Spend a semester, or a summer, or a year in a non-English speaking country –
that is what the requirement should be.
In my
fantasies, four years of high school Latin would be required to study
psychology in college. The mental discipline, sustained effort, and study
habits required to complete AP Latin bode exceedingly well for collegiate
academic success. Mastery of Latin grammar contributes to mastery of English
grammar (or at least to an appreciation that there is an English grammar), and the serious study of Latin
substantially improves English vocabulary and disciplined thought and
expression. Further, Latin study makes antiquity breathe – the classicist knows
that human nature does not change with each passing generation or with changes
in material or social circumstances. Between the ages of 13 and 17, Sigmund
Freud spent 8 hours a week reading Latin and 6 hours a week reading Greek (he
read his Sophocles in the original). Perhaps as part of the comprehensive
exams, doctoral students should be required to translate the Book of Job from the Latin Vulgate!
If you
are not studying a foreign language, you will still need to delve into cultures
other than your own. I have found that Religion courses serve that purpose very
well. Religion courses are arguably the most liberal of the liberal arts, in
that they encompass history, philosophy, art, and literature. Read Huston
Smith’s The World’s Religions,
especially the chapters on Hinduism and Buddhism. Clinical psychologists would
benefit from courses in Political Theory, Constitutional Law, and American
Government. Microeconomics, Financial Accounting, and Personal Investing
courses might not seem relevant as an undergraduate (or even to most of your professors),
but they come in quite handy when you are running your own practice or making budgeting
and personnel decisions while managing an agency. Learn about the people who
have made history. Start with Edmund Morris’s rip-roaring The Rise of Theodore Roosevelt. Read multiple biographies of
Abraham Lincoln. The dual biography of Lincoln and Jefferson Davis in Shelby
Foote’s The Civil War is an excellent
place to start. I also recommend Geoffrey C. Ward’s account of FDR’s early
life, Before the Trumpet.
If you are able, train yourself to
run 10 miles, hike 25 miles, and swim 1 mile. Learn to ride a horse. Join the
boxing club. Go on ride-alongs with the local cops. Enlist in the National
Guard or Reserves. Work in a kitchen. Work in a factory. Teach an adult to
read. Remember Carl Jung’s exhortation:
“Anyone who wants to
know the human psyche will learn next to nothing from experimental psychology.

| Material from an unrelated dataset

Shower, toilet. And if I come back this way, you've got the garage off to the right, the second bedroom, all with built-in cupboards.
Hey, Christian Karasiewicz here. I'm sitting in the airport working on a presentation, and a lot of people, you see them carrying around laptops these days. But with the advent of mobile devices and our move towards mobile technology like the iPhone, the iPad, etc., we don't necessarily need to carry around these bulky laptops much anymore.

He would be better advised to abandon exact science, put away his scholar's
gown, bid farewell to his study, and wander with human heart through the world.
There in the horrors of prisons, lunatic asylums and hospitals, in drab
suburban pubs, in brothels and gambling-hells, in the salons of the elegant,
the Stock Exchanges, socialist meetings, churches, revivalist gatherings and
ecstatic sects, through love and hate, through the experience of passion in
every form in his own body, he would reap richer stores of knowledge than
text-books a foot thick could give him, and he will know how to doctor the sick
with a real knowledge of the human soul.”